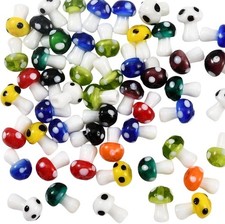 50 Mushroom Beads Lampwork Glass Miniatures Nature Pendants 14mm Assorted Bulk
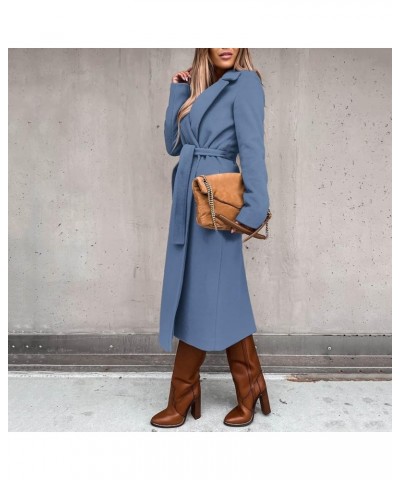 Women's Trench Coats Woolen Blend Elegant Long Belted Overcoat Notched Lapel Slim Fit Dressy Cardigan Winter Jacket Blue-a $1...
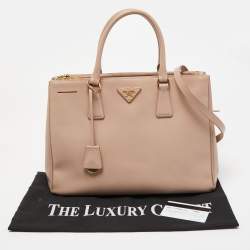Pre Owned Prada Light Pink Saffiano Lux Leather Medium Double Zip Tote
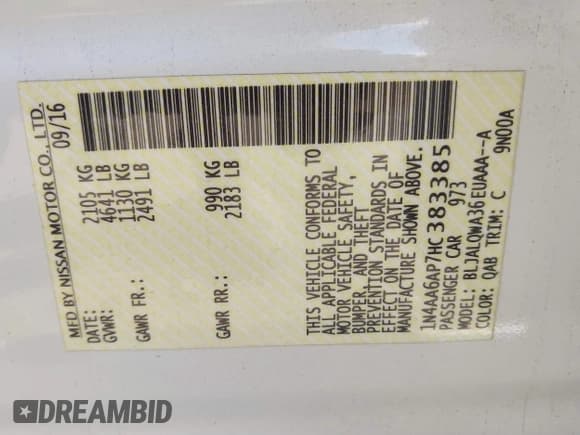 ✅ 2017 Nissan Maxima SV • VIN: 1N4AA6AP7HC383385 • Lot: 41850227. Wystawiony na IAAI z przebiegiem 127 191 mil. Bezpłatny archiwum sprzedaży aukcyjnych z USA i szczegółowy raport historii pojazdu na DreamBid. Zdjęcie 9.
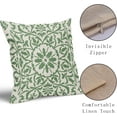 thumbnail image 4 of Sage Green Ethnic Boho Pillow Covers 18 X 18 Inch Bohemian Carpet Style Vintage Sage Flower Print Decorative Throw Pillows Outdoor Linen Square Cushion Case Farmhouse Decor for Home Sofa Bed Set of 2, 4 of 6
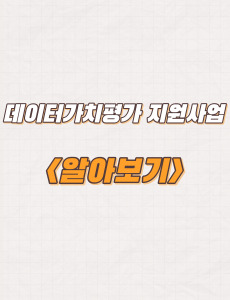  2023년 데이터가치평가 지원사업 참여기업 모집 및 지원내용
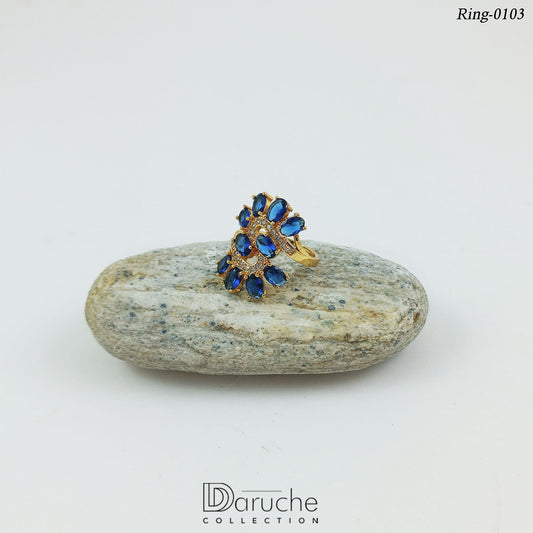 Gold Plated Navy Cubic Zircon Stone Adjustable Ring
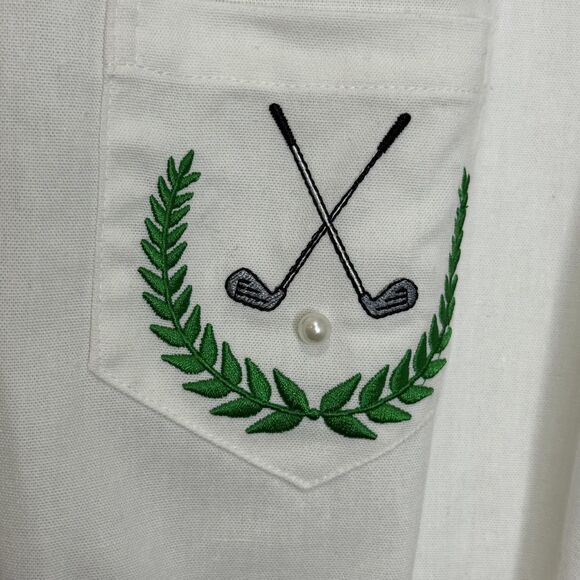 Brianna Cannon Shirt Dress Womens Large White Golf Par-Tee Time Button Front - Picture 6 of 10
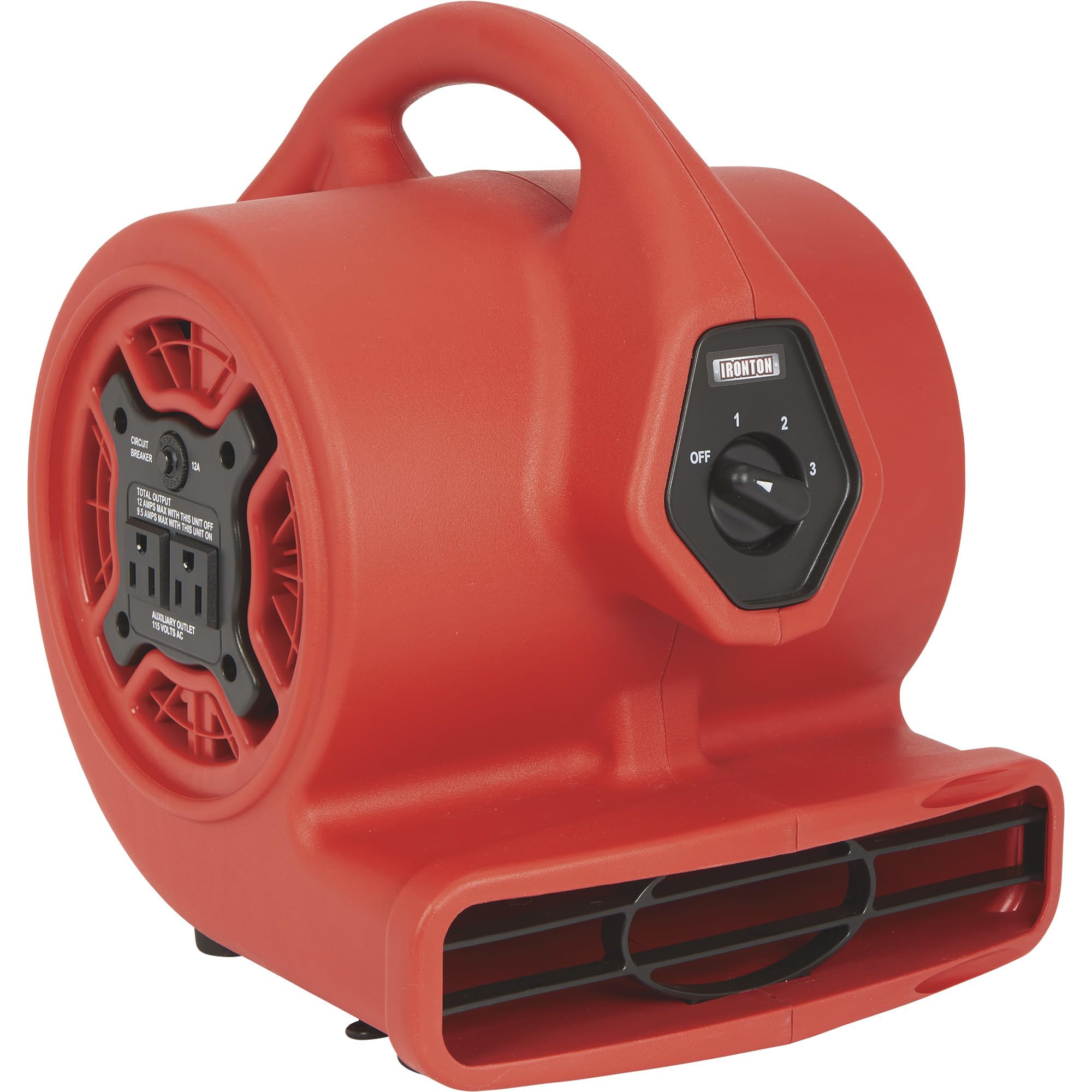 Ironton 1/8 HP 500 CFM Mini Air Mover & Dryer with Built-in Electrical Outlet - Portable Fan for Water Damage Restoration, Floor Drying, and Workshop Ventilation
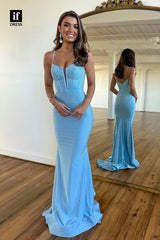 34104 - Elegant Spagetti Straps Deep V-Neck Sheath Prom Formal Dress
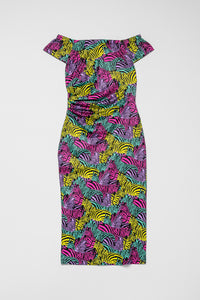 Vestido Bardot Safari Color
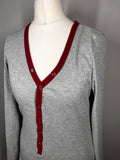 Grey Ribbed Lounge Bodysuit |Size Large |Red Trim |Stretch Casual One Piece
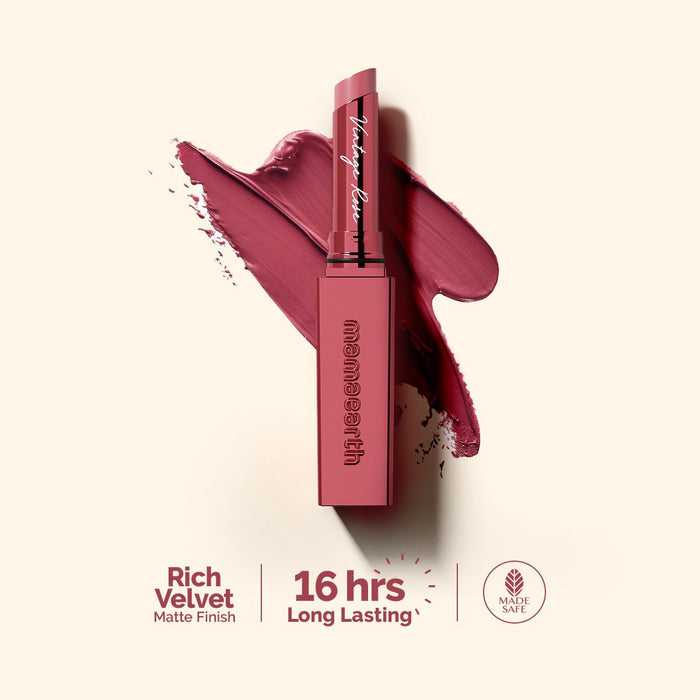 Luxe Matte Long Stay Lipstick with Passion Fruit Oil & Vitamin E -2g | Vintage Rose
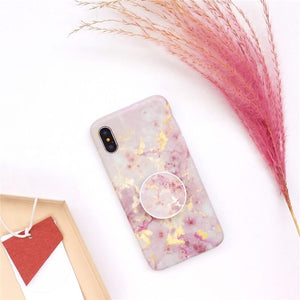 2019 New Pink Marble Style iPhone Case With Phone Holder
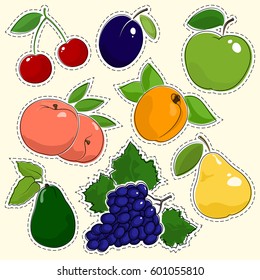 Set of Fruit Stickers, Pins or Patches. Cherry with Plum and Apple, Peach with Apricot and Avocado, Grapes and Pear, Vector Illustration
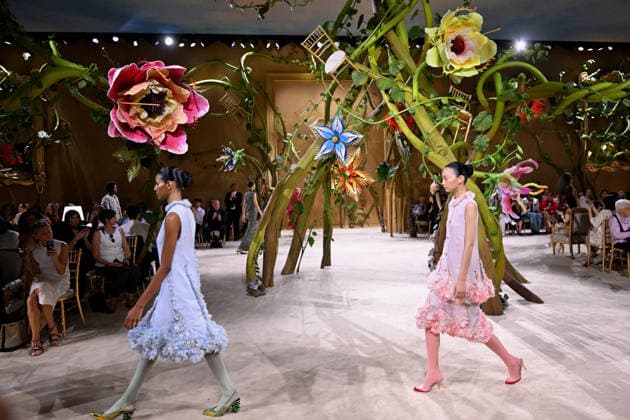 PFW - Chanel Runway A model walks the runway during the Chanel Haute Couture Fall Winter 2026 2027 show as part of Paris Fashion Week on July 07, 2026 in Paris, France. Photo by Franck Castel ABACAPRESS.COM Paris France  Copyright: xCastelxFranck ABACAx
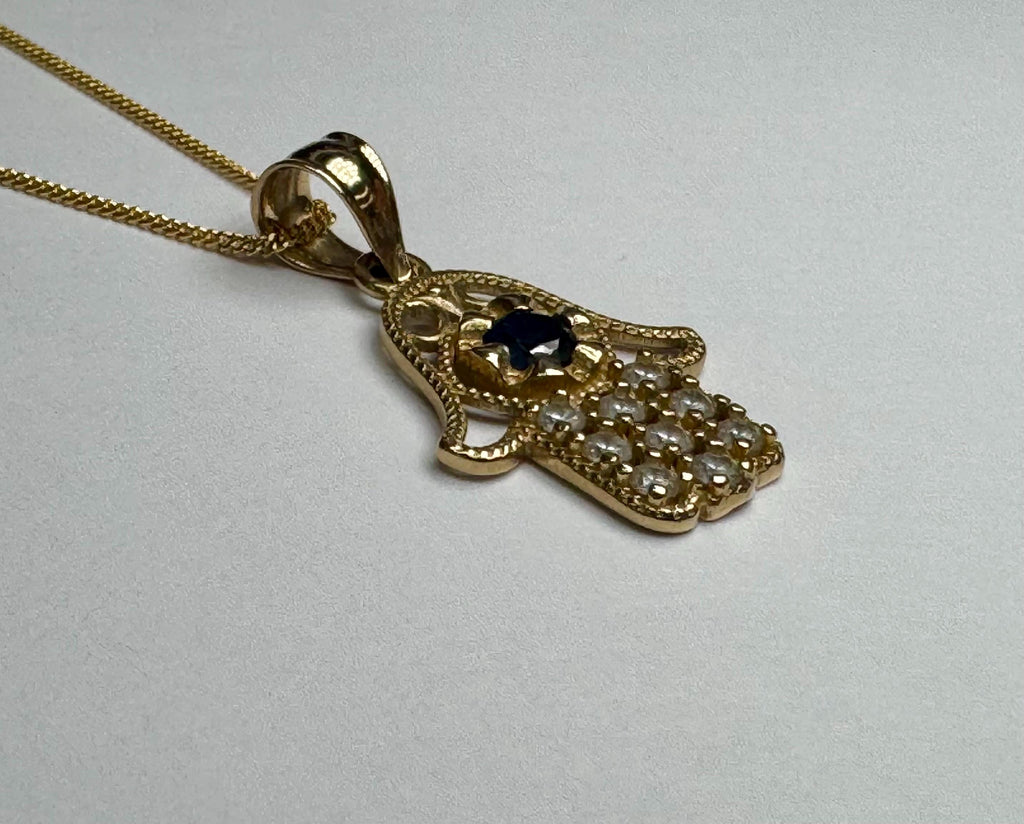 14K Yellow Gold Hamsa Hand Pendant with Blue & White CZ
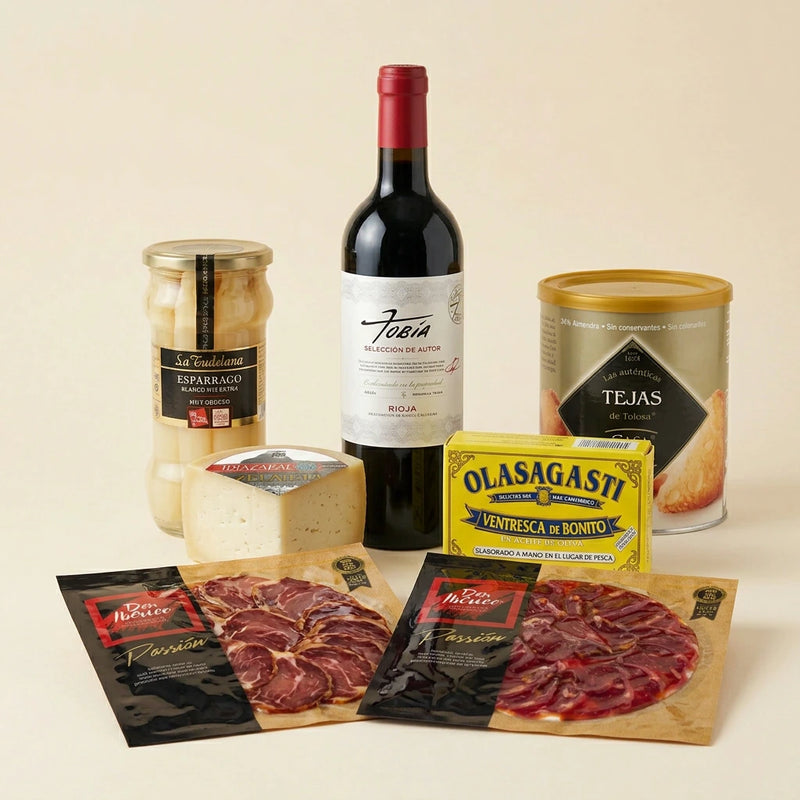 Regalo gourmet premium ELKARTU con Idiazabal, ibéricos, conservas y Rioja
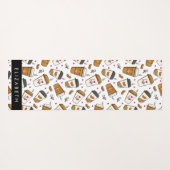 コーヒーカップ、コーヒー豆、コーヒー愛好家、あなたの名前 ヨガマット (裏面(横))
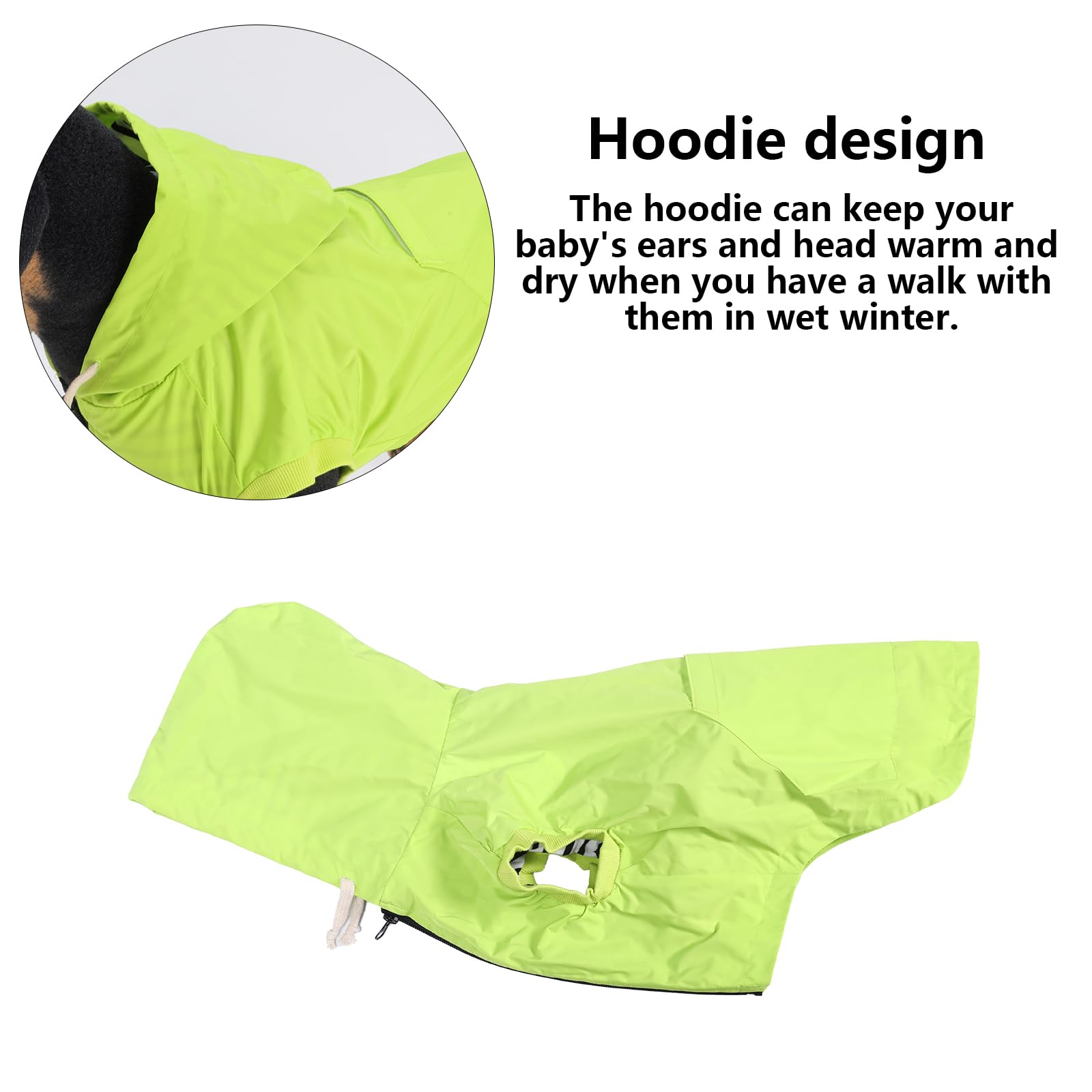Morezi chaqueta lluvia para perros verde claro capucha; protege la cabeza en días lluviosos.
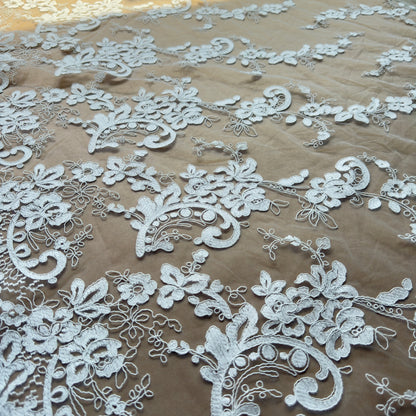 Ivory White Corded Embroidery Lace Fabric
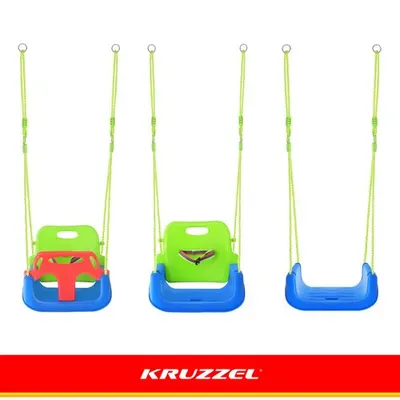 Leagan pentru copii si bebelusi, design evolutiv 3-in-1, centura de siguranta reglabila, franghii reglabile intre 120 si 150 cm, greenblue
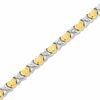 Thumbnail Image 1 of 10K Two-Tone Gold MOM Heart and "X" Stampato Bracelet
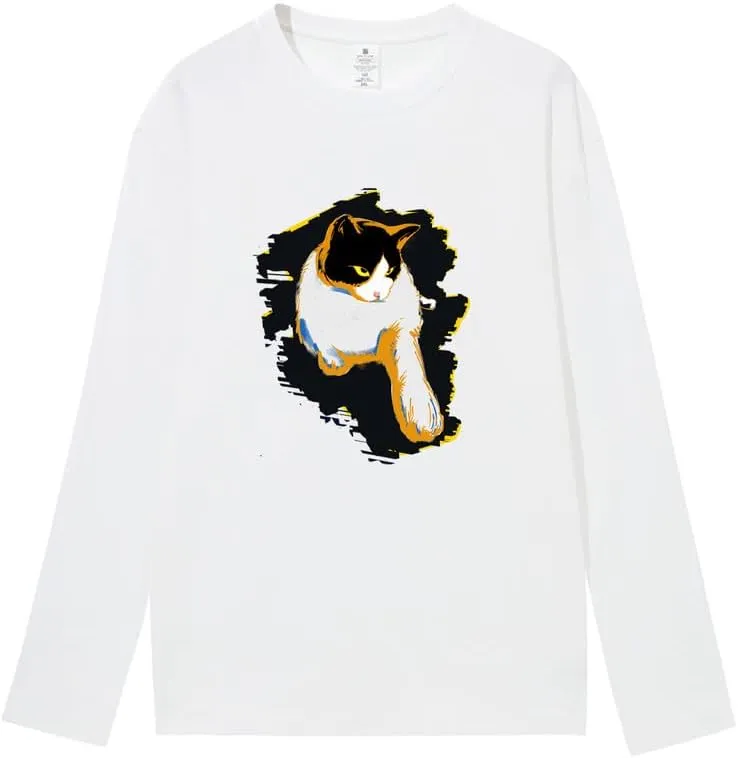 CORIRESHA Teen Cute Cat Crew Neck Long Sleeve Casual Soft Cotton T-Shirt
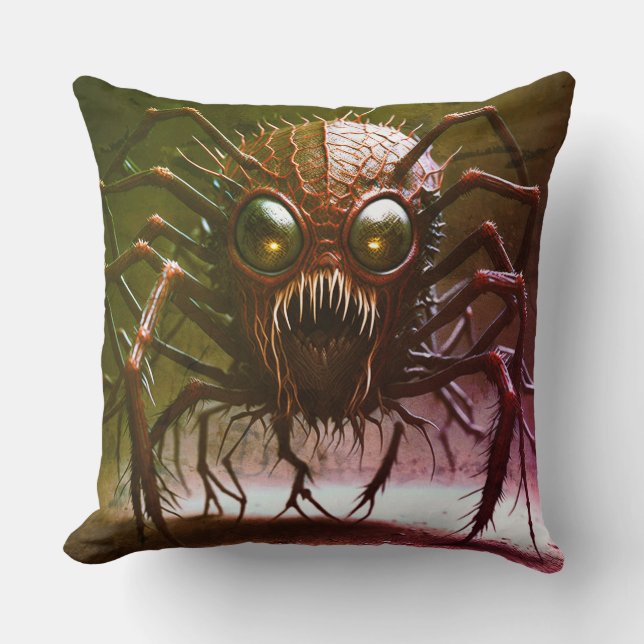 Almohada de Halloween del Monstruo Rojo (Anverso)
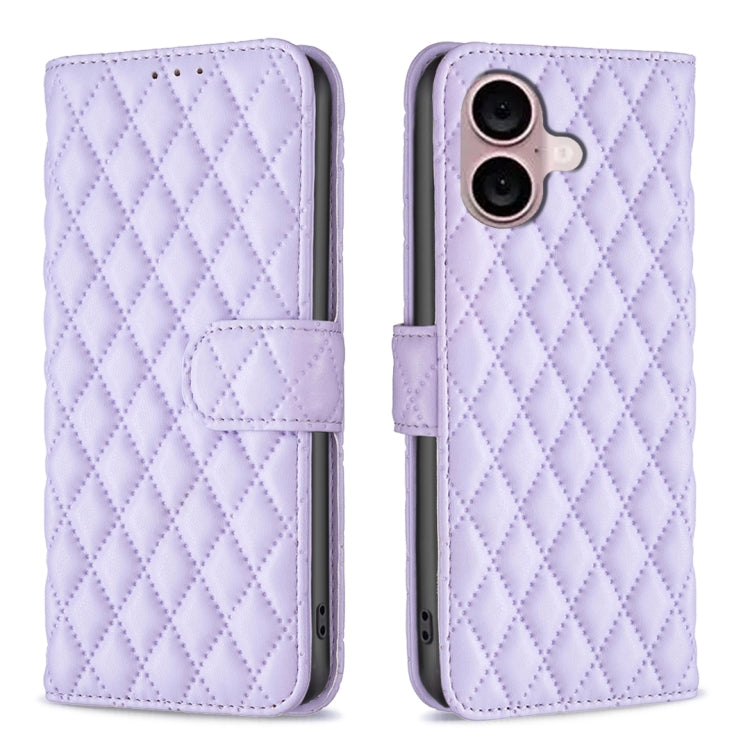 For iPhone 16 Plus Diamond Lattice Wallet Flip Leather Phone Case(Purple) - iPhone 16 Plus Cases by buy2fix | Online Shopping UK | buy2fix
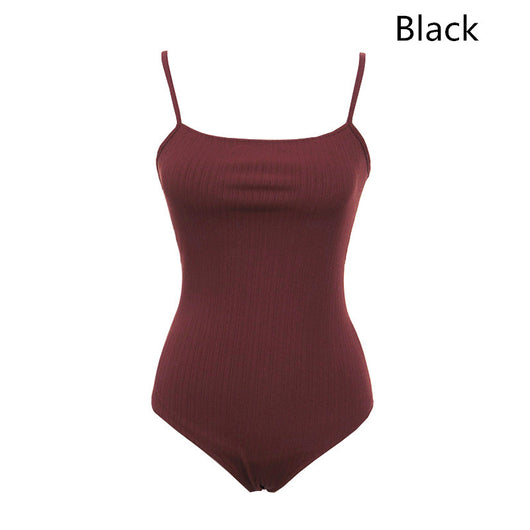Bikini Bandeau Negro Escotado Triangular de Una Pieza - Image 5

○ ○ ○

Return the records exactly. Don't carry the pictures over.

**Completed task**
 50 Mushroom Beads Lampwork Glass Miniatures Nature Pendants 14mm Assorted Bulk
 Women's Trench Coats Woolen Blend Elegant Long Belted Overcoat Notched Lapel Slim Fit Dressy Cardigan Winter Jacket Blue-a $1...
Pre Owned Prada Light Pink Saffiano Lux Leather Medium Double Zip Tote
 ✅ 2017 Nissan Maxima SV • VIN: 1N4AA6AP7HC383385 • Lot: 41850227. Wystawiony na IAAI z przebiegiem 127 191 mil. Bezpłatny archiwum sprzedaży aukcyjnych z USA i szczegółowy raport historii pojazdu na DreamBid. Zdjęcie 9.
 thumbnail image 4 of Sage Green Ethnic Boho Pillow Covers 18 X 18 Inch Bohemian Carpet Style Vintage Sage Flower Print Decorative Throw Pillows Outdoor Linen Square Cushion Case Farmhouse Decor for Home Sofa Bed Set of 2, 4 of 6
  2023년 데이터가치평가 지원사업 참여기업 모집 및 지원내용
 Gold Plated Navy Cubic Zircon Stone Adjustable Ring
 Brianna Cannon Shirt Dress Womens Large White Golf Par-Tee Time Button Front - Picture 6 of 10
 Ironton 1/8 HP 500 CFM Mini Air Mover & Dryer with Built-in Electrical Outlet - Portable Fan for Water Damage Restoration, Floor Drying, and Workshop Ventilation
 34104 - Elegant Spagetti Straps Deep V-Neck Sheath Prom Formal Dress
 Vestido Bardot Safari Color
 Grey Ribbed Lounge Bodysuit |Size Large |Red Trim |Stretch Casual One Piece
 Luxe Matte Long Stay Lipstick with Passion Fruit Oil & Vitamin E -2g | Vintage Rose
 2019 New Pink Marble Style iPhone Case With Phone Holder
 Set of Fruit Stickers, Pins or Patches. Cherry with Plum and Apple, Peach with Apricot and Avocado, Grapes and Pear, Vector Illustration
 PFW - Chanel Runway A model walks the runway during the Chanel Haute Couture Fall Winter 2026 2027 show as part of Paris Fashion Week on July 07, 2026 in Paris, France. Photo by Franck Castel ABACAPRESS.COM Paris France  Copyright: xCastelxFranck ABACAx
 14K Yellow Gold Hamsa Hand Pendant with Blue & White CZ
 Regalo gourmet premium ELKARTU con Idiazabal, ibéricos, conservas y Rioja
 コーヒーカップ、コーヒー豆、コーヒー愛好家、あなたの名前 ヨガマット (裏面(横))
Morezi chaqueta lluvia para perros verde claro capucha; protege la cabeza en días lluviosos.
 Ivory White Corded Embroidery Lace Fabric
 Leagan pentru copii si bebelusi, design evolutiv 3-in-1, centura de siguranta reglabila, franghii reglabile intre 120 si 150 cm, greenblue
 Thumbnail Image 1 of 10K Two-Tone Gold MOM Heart and "X" Stampato Bracelet
 CORIRESHA Teen Cute Cat Crew Neck Long Sleeve Casual Soft Cotton T-Shirt
 Almohada de Halloween del Monstruo Rojo (Anverso)
 For iPhone 16 Plus Diamond Lattice Wallet Flip Leather Phone Case(Purple) - iPhone 16 Plus Cases by buy2fix | Online Shopping UK | buy2fix
Bikini Bandeau Negro Escotado Triangular de Una Pieza - Image 5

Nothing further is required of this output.